Bringing transparency to federal inspections
Tag No.: A0144
Based on review of facility policy, patient records, and confirmed in interview, the facility failed to ensure patients received care in a safe setting for one of six records (Patient #A) reviewed. Facility failed to monitor Patient #A with appropriate precautions for two days after his admission.
Findings included:
Review of the facility policy Patient Precaution Level's Procedure (issues 07/25/2014) it stated "all patient precautions and restrictions must be ordered by a physician and must be reviewed by a physician every twenty-four hours to assess the patient's clinical symptoms and renew or discontinue precautions and/or restrictions. They physician must document in their physician's progress notes the clinical justification for continuing all precautions and/or restrictions...
SAO V- Victim
Document on the High Risk Notification Form All staff made aware in shift report daily
Place close to nursing station if available
Sleep same sex hall
monitor daily for sexually provocative hypersexual behaviors"
Review of Patient #A chart revealed he is a 14 year old male who admitted to the facility on 07/19/2025 for SI with a plan and history of sexual victimization.
Review of Patient #A initial assessment under Potential for Sexual Victimization a selection of 'yes' with notes of 'at 2018 and 2024'
Risk summary from the initial assessment also included "per mother, patient was sexually assault[ed] at school in Nov 2024 and at church in 2018. Per mother, investigation is still on."

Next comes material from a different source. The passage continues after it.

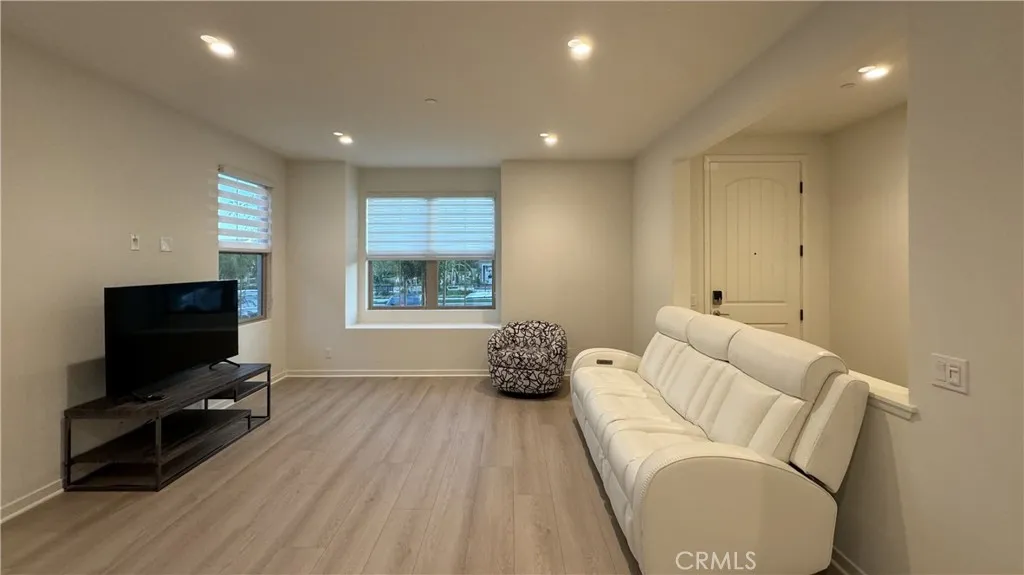 110 Sunnyside Irvine, CA 92620 - Photo 4 of 15 a living room with furniture and a flat screen tv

Review of Patient #A initial nursing assessment under potential for sexual victimization, nurse staff selected 'yes' for history of sexual victimization and indicated 'victim of sexual abuse'
Review of Patient #A physician orders revealed no documentation that SAO-V was ordered until 07/22/2025, three days after admission.
In an interview with Staff #4 on 07/25/25 at 1:30 PM in the conference room, she confirmed that "any history of sexual trauma would indicate SAO precautions." She acknowledged that Patient #A should have had SAO precautions at admission.